6/22/25
My friend asked me, “If life is mostly all butterflies and sunshine, then why do you struggle with mental health issues that make you feel depressed?” That wasn’t exactly her wording, but it’s what she meant. And I told her it’s because I have to live in this world surrounded by people who are nothing like me.
I spent the better part of my life changing who I naturally was just to fit into places I was never meant to belong. When you’re a child, you rarely have the maturity to navigate your thoughts, your actions, or your surroundings with true understanding — that wisdom comes with time, age, and the experiences that shape you. And I have learned so much about myself and the world I must live in.
Sometimes I wonder why I was chosen to feel so deeply, to see beyond the surface, to question the systems I’m part of — to want to understand them, to challenge them, to change them. For a long time, I’ve done the work internally and externally to become more in tune with all the pieces of this life’s puzzle. Yet that path can feel so lonely, especially because my family doesn’t see the world the way I do, and neither do most of my friends.
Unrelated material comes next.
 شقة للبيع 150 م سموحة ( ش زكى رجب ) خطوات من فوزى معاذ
Even those closest to me may share some knowledge, but their ways of moving through life and my own feel vastly different.
And sometimes the calling I feel over my life seems too big to conquer because I’m being pulled in so many directions just to exist — so much so that I can’t fully evolve into the being who’s truly ready for the challenges that matter most. The ones that would feed my spirit most. Instead, I fill myself each day with tasks, food, information, conversations, and actions that leave me feeling empty and exhausted.
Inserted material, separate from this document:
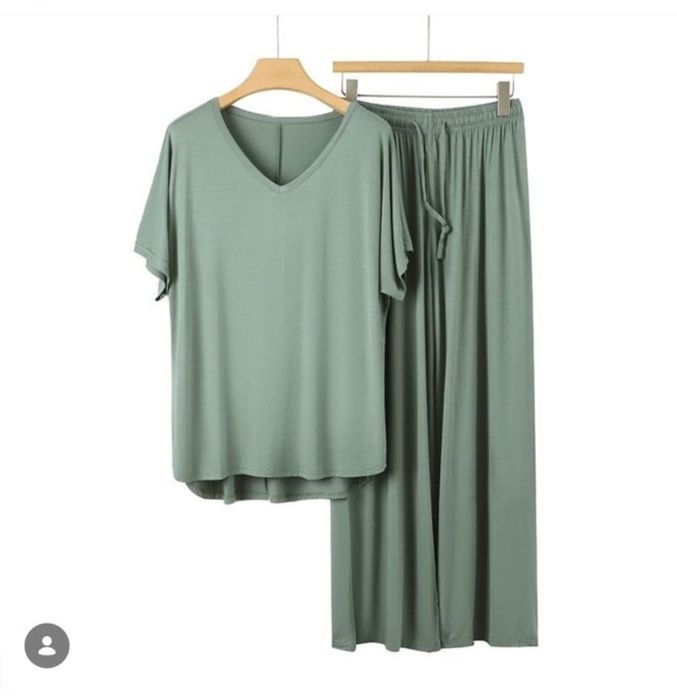 Продам шикарные домашние костюмы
So when someone asks me why I wrestle with mental health struggles and depression, my answer is this: the person I was born to be feels painfully distant from the one I’m forced to live as — the one I’m pushed to become just to have an easier life. Except that life is never really easier. It’s just a quieter settling into a façade that every internal part of me aches to escape.
That’s the cost of waking up in a world that asks me to stay asleep. But I will never go back to who they thought I was. I’ve taken the red pill and will have to fight through this eternal heartache to live as the version of me my soul recognizes. That’s a war that’s worth all the battles and the bruises that come along with it.